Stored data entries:
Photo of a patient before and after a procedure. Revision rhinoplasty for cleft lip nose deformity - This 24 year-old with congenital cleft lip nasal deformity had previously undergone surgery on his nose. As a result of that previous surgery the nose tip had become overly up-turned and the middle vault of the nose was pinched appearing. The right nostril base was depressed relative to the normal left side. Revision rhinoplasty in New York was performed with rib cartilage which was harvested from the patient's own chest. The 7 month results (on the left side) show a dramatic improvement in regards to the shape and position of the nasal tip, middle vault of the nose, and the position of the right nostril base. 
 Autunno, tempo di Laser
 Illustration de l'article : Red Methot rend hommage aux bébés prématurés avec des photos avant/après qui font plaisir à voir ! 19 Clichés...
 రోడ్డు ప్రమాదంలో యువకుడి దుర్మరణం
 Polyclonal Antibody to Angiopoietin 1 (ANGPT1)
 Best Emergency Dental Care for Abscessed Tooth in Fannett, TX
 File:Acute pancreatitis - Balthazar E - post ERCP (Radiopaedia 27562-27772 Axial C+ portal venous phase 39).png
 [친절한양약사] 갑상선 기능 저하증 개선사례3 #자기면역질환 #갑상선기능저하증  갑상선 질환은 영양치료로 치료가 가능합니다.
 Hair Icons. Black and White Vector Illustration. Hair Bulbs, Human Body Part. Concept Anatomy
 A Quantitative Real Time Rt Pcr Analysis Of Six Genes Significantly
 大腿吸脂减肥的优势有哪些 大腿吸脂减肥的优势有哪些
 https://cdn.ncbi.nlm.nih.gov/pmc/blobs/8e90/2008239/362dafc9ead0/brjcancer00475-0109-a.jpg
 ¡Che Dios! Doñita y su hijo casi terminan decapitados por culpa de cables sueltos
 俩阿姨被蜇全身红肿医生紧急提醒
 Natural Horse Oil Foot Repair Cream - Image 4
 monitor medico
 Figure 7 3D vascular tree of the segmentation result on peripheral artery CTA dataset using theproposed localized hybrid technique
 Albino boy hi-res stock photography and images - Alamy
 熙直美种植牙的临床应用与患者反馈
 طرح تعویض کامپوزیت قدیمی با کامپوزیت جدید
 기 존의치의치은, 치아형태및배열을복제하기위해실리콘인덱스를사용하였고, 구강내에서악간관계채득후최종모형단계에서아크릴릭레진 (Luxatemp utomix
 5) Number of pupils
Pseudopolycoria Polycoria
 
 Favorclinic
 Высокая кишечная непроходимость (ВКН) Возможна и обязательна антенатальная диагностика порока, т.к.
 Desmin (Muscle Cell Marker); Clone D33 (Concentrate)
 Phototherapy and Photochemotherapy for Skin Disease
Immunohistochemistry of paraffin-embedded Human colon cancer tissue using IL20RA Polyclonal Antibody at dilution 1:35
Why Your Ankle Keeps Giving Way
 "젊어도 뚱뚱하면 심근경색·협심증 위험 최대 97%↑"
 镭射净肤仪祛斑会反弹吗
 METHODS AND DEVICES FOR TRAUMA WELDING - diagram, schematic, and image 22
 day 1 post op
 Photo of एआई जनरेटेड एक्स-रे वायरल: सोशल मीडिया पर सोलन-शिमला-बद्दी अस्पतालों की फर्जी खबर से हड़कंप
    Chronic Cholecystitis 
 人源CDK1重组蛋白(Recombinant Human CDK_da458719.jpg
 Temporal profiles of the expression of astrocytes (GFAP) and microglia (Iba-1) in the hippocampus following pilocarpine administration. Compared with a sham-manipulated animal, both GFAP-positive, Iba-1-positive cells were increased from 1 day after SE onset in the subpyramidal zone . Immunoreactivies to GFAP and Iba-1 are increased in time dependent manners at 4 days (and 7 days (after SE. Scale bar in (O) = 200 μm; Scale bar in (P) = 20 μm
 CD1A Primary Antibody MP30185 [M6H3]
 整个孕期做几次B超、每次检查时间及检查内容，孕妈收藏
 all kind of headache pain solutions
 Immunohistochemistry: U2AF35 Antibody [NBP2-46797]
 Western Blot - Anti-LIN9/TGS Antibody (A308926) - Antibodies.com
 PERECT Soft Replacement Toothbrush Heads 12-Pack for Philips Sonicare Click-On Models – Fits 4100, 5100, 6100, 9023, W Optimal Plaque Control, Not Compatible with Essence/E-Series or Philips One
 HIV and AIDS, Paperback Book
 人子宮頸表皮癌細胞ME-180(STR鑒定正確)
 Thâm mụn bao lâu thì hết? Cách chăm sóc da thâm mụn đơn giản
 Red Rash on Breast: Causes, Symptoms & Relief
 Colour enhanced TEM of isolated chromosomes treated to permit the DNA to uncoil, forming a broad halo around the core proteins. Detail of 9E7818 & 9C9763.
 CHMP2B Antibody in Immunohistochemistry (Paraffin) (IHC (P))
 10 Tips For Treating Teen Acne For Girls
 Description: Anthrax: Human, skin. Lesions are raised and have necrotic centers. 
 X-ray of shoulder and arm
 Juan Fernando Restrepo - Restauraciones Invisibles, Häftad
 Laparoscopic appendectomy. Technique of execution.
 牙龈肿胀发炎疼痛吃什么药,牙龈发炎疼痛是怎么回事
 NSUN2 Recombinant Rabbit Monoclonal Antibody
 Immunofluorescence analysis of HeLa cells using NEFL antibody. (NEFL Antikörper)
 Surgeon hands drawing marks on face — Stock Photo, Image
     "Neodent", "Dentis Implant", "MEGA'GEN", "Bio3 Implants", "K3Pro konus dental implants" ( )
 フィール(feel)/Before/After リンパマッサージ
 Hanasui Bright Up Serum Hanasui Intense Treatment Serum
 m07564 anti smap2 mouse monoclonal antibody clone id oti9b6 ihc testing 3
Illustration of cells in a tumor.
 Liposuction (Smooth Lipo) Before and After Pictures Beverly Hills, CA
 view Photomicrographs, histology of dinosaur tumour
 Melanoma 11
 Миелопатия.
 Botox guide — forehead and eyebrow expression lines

Directions
Return exactly the lines of the data, and only those, from the line with "フィール(feel)/Before/After リンパマッサージ" through the last line, inclusive.

Response area
 フィール(feel)/Before/After リンパマッサージ
 Hanasui Bright Up Serum Hanasui Intense Treatment Serum
 m07564 anti smap2 mouse monoclonal antibody clone id oti9b6 ihc testing 3
Illustration of cells in a tumor.
 Liposuction (Smooth Lipo) Before and After Pictures Beverly Hills, CA
 view Photomicrographs, histology of dinosaur tumour
 Melanoma 11
 Миелопатия.
 Botox guide — forehead and eyebrow expression lines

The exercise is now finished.